たとえば、下記の記事などはその典型でしょう。
東洋経済ONLINE
プーチン激怒?ロシア軍と傭兵会社「内輪揉め」(2月25日)
日本のメディアが伝えていることはホントなのかという疑問を持たざるを得ないのです。そもそも核保有国のロシアに敗北なんてあるのかと思います。ロシアは国家存亡の危機にあると日本のメディアは書きますが、国家存亡の危機に陥ればロシアはためらうことなく核を使用するでしょう。そうなれば、国家存亡の危機どころか世界存亡の危機に陥るのです。核の時代というのは、そういうことなのです。勝者も敗者もないのです。
勝ったか負けたか、どっちが正しいかなんて、まったく意味がないのです。
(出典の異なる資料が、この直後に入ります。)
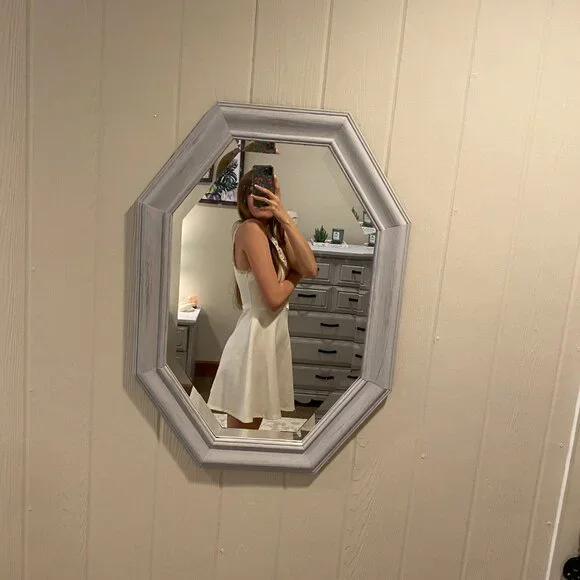 White Dress - Picture 6 of 6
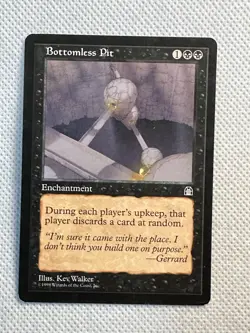 Wizards of the Coast MTG Bottomless Pit Stronghold Regular English - Image 2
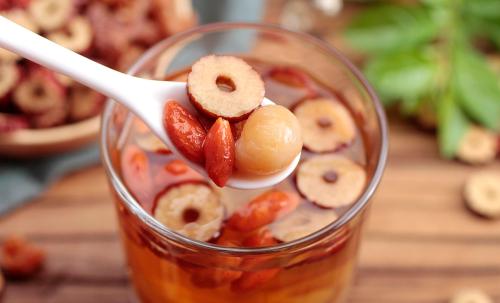 隔夜的桂圓水可以喝嗎 喝了變質(zhì)的桂圓水怎么辦 隔夜的桂圓水可以喝嗎 喝了變質(zhì)的桂圓水怎么辦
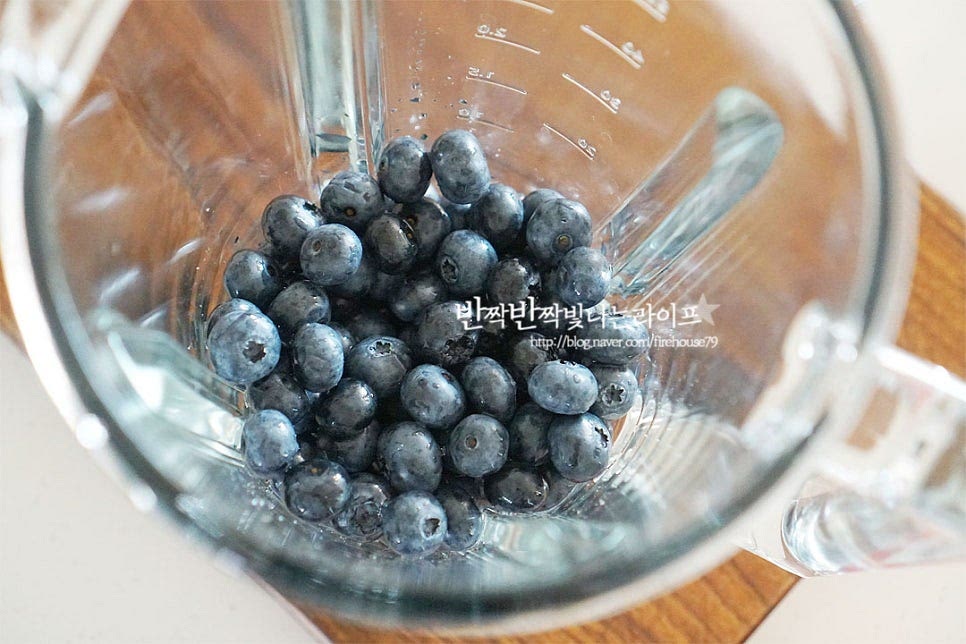 믹서기에 과육을 넣어줍니다. 스무디 2잔 분량으로 블루베리를 넉넉하게 넣어주었습니다. 우유 200ml 부어줍니다. 꾸덕한 질감의 그릭요거트를 넣어 새콤한 풍미를 살려주었어요. 요거트는 취향껏 넣어주시면 됩니다. 생략할 경우 우유 양을 늘려주세요. 블루베리요거트스무디를 만들 땐 카페에서는 파우더를 넣기도 하는데 집에서 간단하게 만들기 할 땐 시판용 요거트 넣어주시면 되어요. 무가당 요거트를 넣어서 꿀을 약간 더해주었습니다. 당도에 따라 꿀이나 알룰로스, 설탕 등을 넣어 달콤하게 갈아만들면 맛이 좋아요. 시원하게 갈아 마시면 더울 때 먹기 딱 좋아 얼음 몇 조각 추가했어요. 냉동블루베리는 얼음을 넣지 않아도 좋아요. 스무디를 부드럽게 갈아줍니다. 중간에 걸쭉한 정도와 단맛을 확인하여 재료를 더 넣고 갈아주셔도 좋아요. 유리잔에 부은 뒤 생과 두세 알과 애플민트를 곁들여주면 밖에서 먹는 것 못지않게 근사하게 완성되어요. 보랏빛 색감이 진하게 잘 갈아졌어요. 영상도 같이 담았어요. 진한 블루베리향이 새콤달콤 섞여 한 모금 마시면 부드럽고 맛있어요. 블루베리우유 넣고 갈아 만들면 아이 어른 누구나 맛있게 즐길 수 있는 것 같아요. 블루베리주스 맛있게 만들어 드세요^^ 끄읕 !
政治家は言わずもがなですが、メディアや専門家や左派リベラルの運動家や、そして国民も、そんな意味のない戦時の言葉でこの戦争を語っているだけです。
勝者も敗者もない戦争の先にあるのは破滅だけです。だからこそ、何が何でもやめさせなければならないのです。80歳のバイデンが主導する今のような武器援助を続けていけば、核を使用するまでロシアを追い込んでいくことにもなりかねないでしょう。
侵攻してほどなく、フランスのマクロン大統領の仲介で和平交渉が行われ、和平の気運も高まっていました。ところが、”ブチャの虐殺”が発覚したことで、ウクライナが態度を硬化させ、とん挫したと言われています。”ブチャの虐殺”に関してはいろんな説がありますが、何だかそこには和平したくない(させたくない)力がはたらいていたような気がしてなりません。誰が戦争を欲しているのかを考えることも必要でしょう。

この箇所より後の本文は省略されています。